Growing health and effectiveness

A blog centered around The Addington Method, leadership, culture, organizational clarity, faith issues, teams, Emotional Intelligence, personal growth, dysfunctional and healthy leaders, boards and governance, church boards, organizational and congregational cultures, staff alignment, intentional results and missions.

Monday, September 16, 2013

Theology and leadership dichotomies

I am always bemused by the artificial dichotomy that many believers seem to have between spirituality and leadership or theology and leadership. It comes up in statements like "You cannot run a church like a business" as if all business principles are exclusive from church management: HR; budgets; plans; accountability; staff reviews; healthy teams; and the like. I want to say "really?" "Have you thought about that?"

Just recently one of those reviewing one of my books on Amazon wrote this: "He gives some good practical guidance but seems to be more from a CEO perspective than a theological one." Now that assumes that the Bible has nothing to say about leadership and teams or that good leadership and healthy teams are just that and have no spiritual significance. Do good leadership and healthy teams not matter in the ministry arena? I suspect many in the ministry arena wished their leaders had just an ounce of CEO perspective in them!
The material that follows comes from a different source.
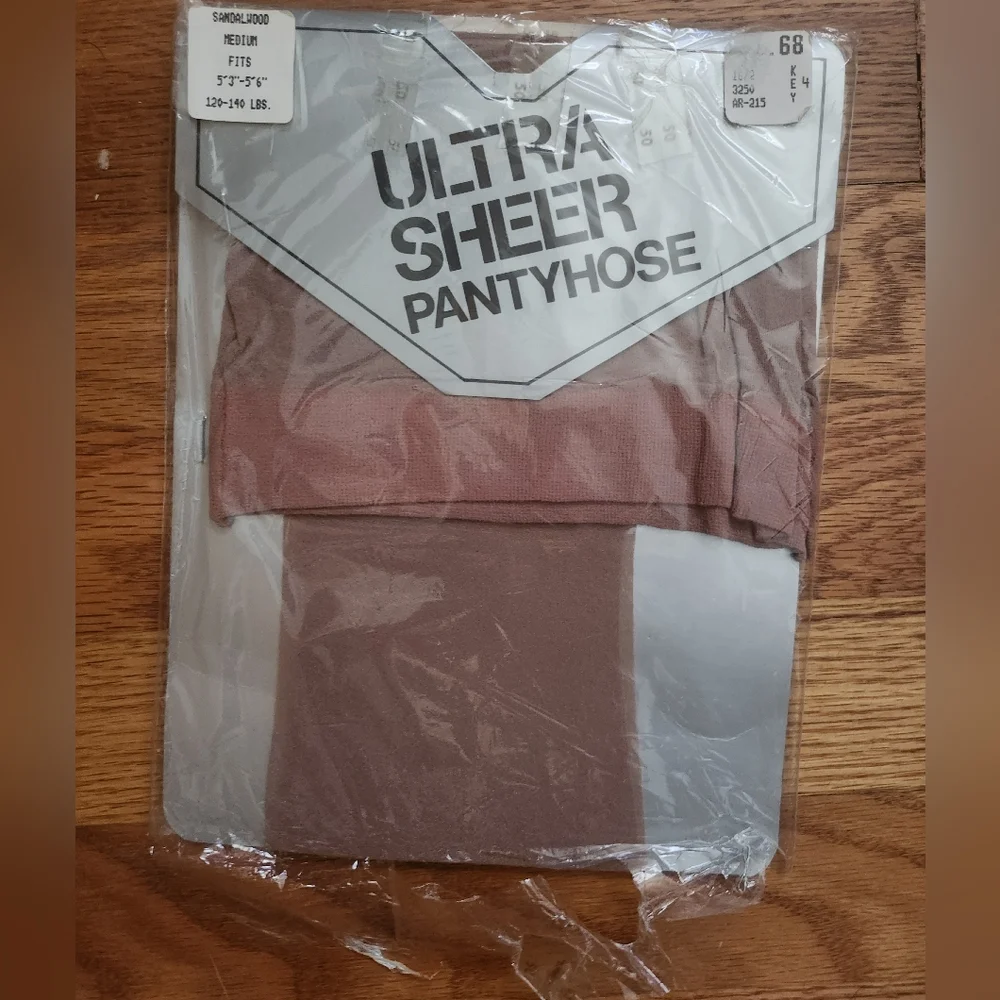2 Pantyhose Size Medium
Why do we make such dichotomies? If you have ever served in a ministry capacity you know that leadership principles matter as much there as they do anywhere else. I suppose some need a proof text for everything but that is not what the Bible is for. I suspect the stakes are even higher in the ministry arena on the leadership side as the end results are eternal rather than temporal.

It is said of David that he led them with "skillful hands and integrity of heart." There you have the both and rather than the either or. Skillful hands has to do with good and wise leadership while integrity of heart has to do with the spiritual underpinnings from which that leadership came.

Don't dichotomize what God does not. It is black and white thinking that does not do justice to Scripture or the realities in which we live.